DATA RECORDS:

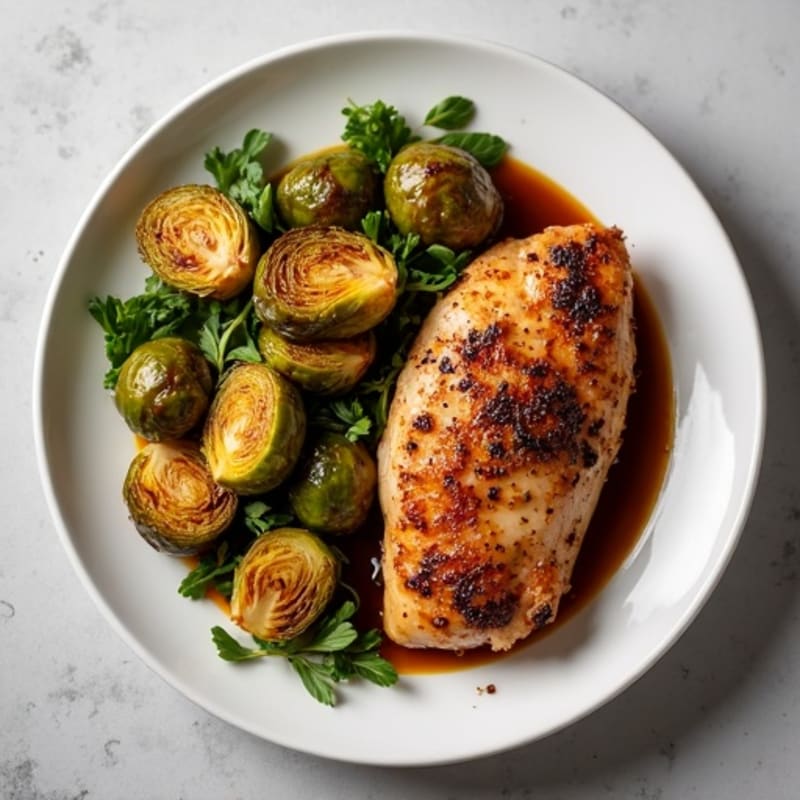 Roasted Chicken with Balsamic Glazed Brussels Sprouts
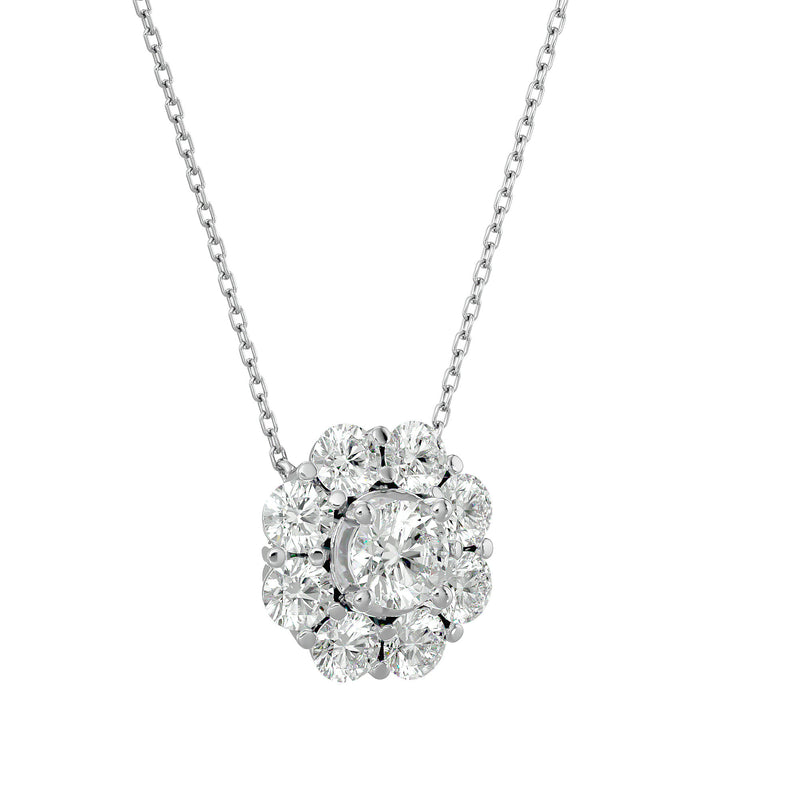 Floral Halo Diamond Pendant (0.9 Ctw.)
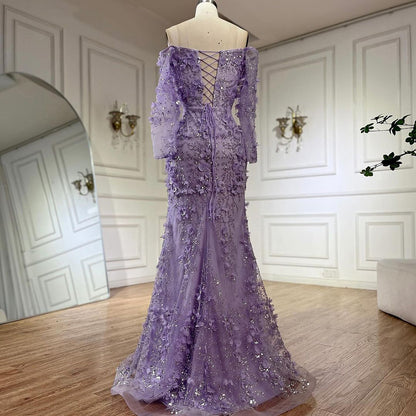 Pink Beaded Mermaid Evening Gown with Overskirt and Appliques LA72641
--
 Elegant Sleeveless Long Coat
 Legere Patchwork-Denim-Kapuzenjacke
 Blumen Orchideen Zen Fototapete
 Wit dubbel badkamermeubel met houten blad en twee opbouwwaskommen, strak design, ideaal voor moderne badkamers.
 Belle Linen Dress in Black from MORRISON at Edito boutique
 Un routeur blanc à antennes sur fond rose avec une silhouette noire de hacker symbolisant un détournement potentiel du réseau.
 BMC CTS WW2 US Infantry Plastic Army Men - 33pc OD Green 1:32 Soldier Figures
--
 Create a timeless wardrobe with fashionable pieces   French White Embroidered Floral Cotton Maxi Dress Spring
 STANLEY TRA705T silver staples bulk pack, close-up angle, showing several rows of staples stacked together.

TASK GOAL:
Gather each line in these records that contains the string "Dress".

ANSWER SECTION:
 Belle Linen Dress in Black from MORRISON at Edito boutique
 Create a timeless wardrobe with fashionable pieces   French White Embroidered Floral Cotton Maxi Dress Spring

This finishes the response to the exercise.